▼

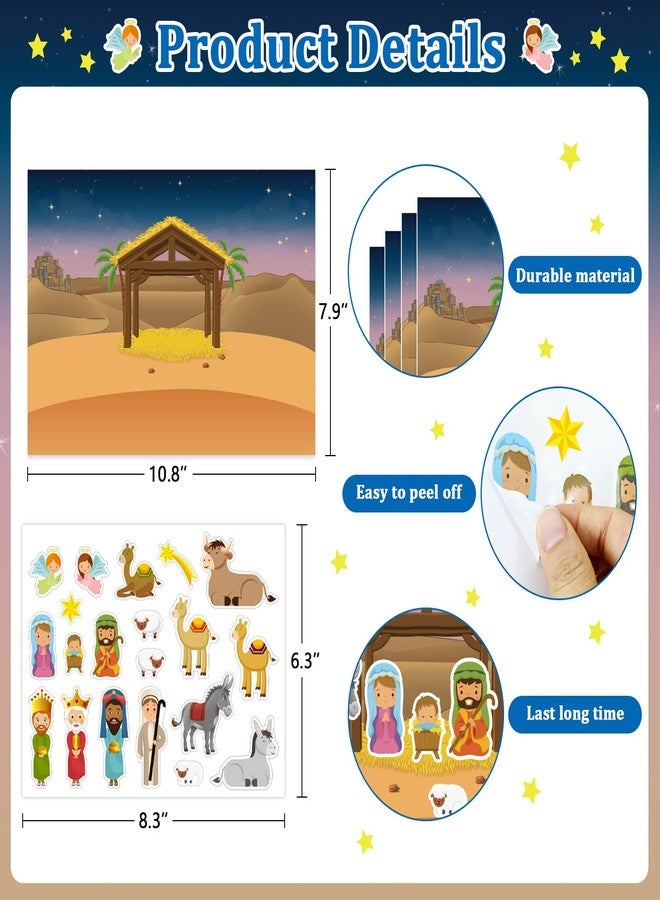 JUESMOS 12 Pack Make a Nativity Scene Stickers for Kids Religious Christmas Crafts School Classroom Activities Christian Christmas Party Decorations - Image 2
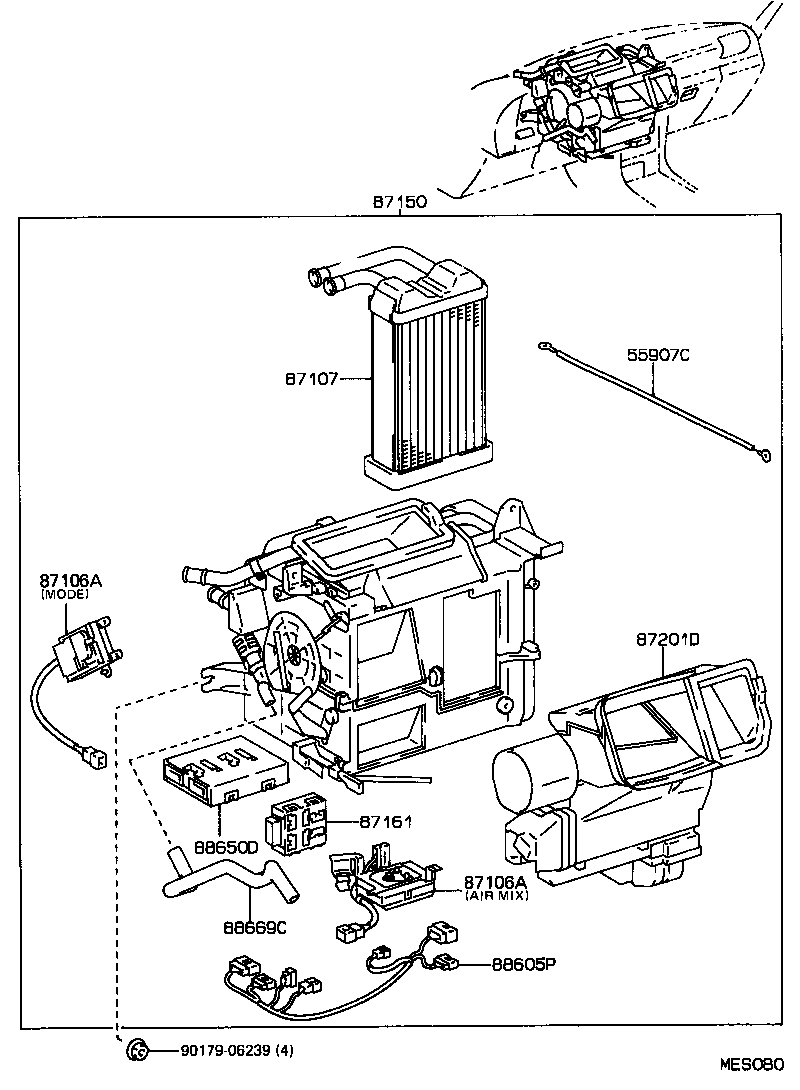 87103-20060 MOTOR SUB-ASSY, HEATER BLOWER, W/FAN product image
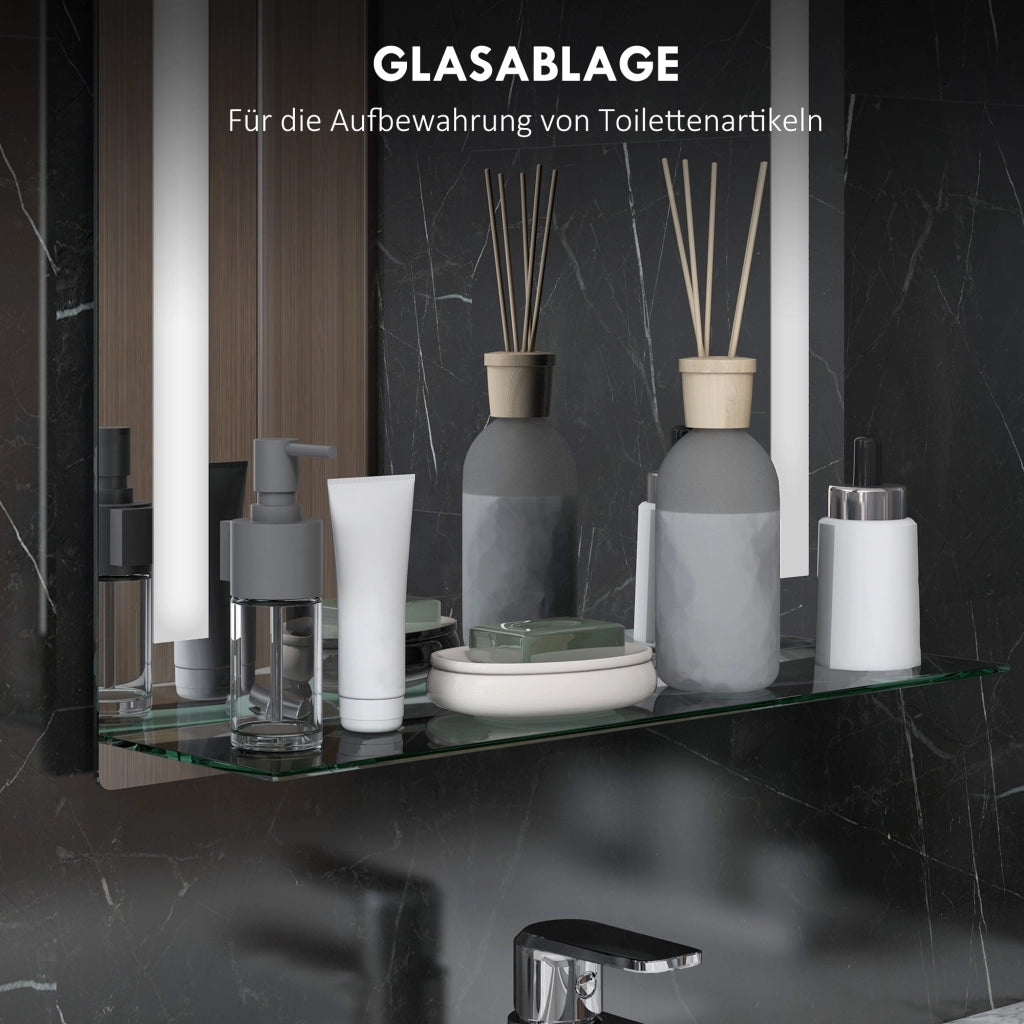 Specchio da Bagno con Illuminazione LED ¨C Minimal ¨C Bianco 50x12x70 cm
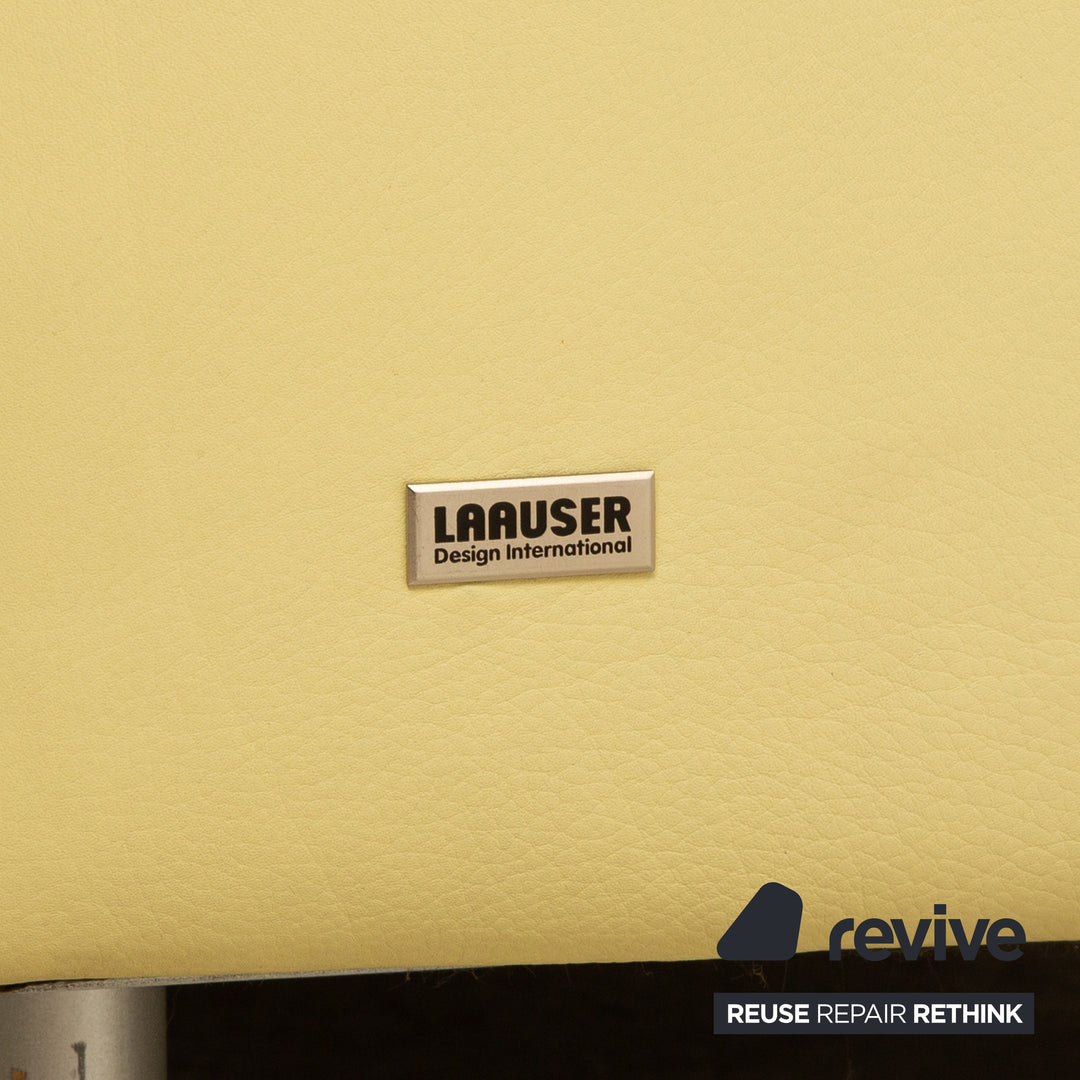 Laauser leather three-seater green green-yellow sofa couch manual relaxation function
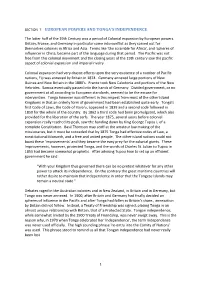Section 7. European Powers and Tonga's Independence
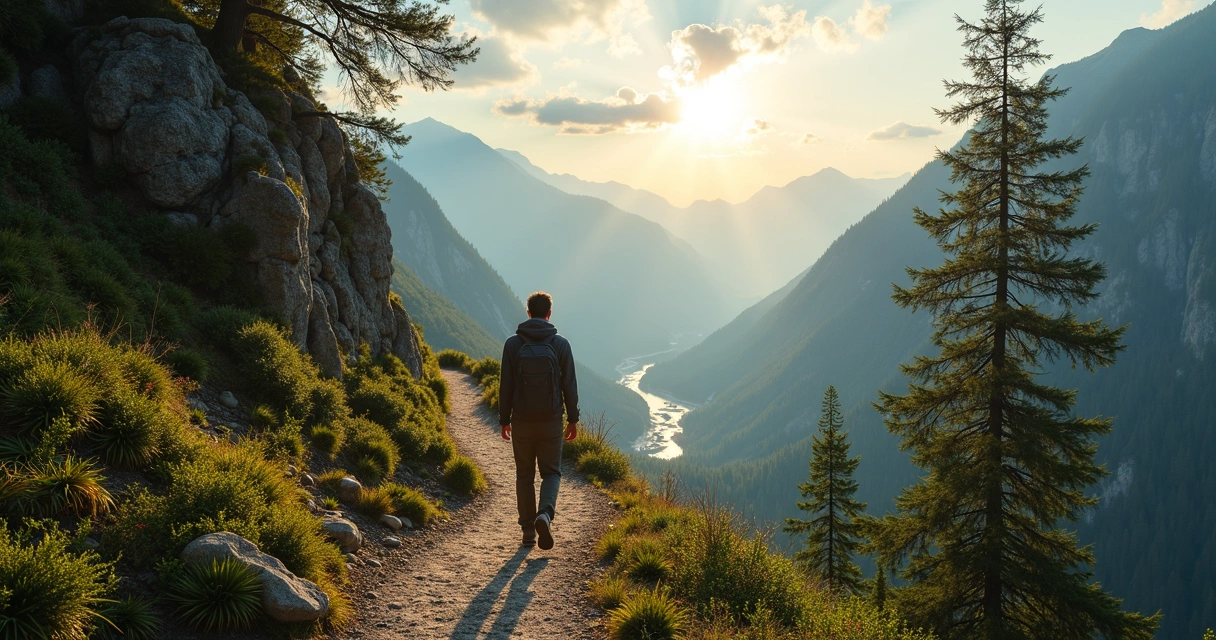 Persona caminando por un sendero de montaña, rodeada de naturaleza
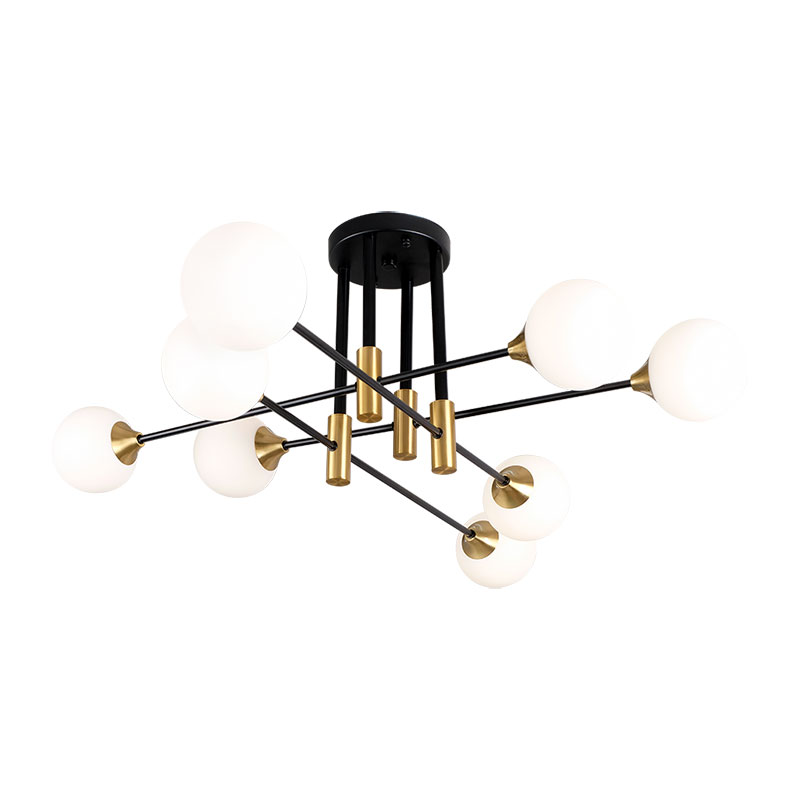 Sunlight 8xg9 (max.8x5w) ceiling light opal glass black+brass ip20 ø1000xh380mm, , medium-null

▲

> ASSIGNED TASK
All lines above are to be restated word for word, with pictures excluded.

> SOLVED EXERCISE
 JUESMOS 12 Pack Make a Nativity Scene Stickers for Kids Religious Christmas Crafts School Classroom Activities Christian Christmas Party Decorations - Image 2
 87103-20060 MOTOR SUB-ASSY, HEATER BLOWER, W/FAN product image
 Specchio da Bagno con Illuminazione LED ¨C Minimal ¨C Bianco 50x12x70 cm
 Laauser leather three-seater green green-yellow sofa couch manual relaxation function
Section 7. European Powers and Tonga's Independence
 Persona caminando por un sendero de montaña, rodeada de naturaleza
 Sunlight 8xg9 (max.8x5w) ceiling light opal glass black+brass ip20 ø1000xh380mm, , medium-null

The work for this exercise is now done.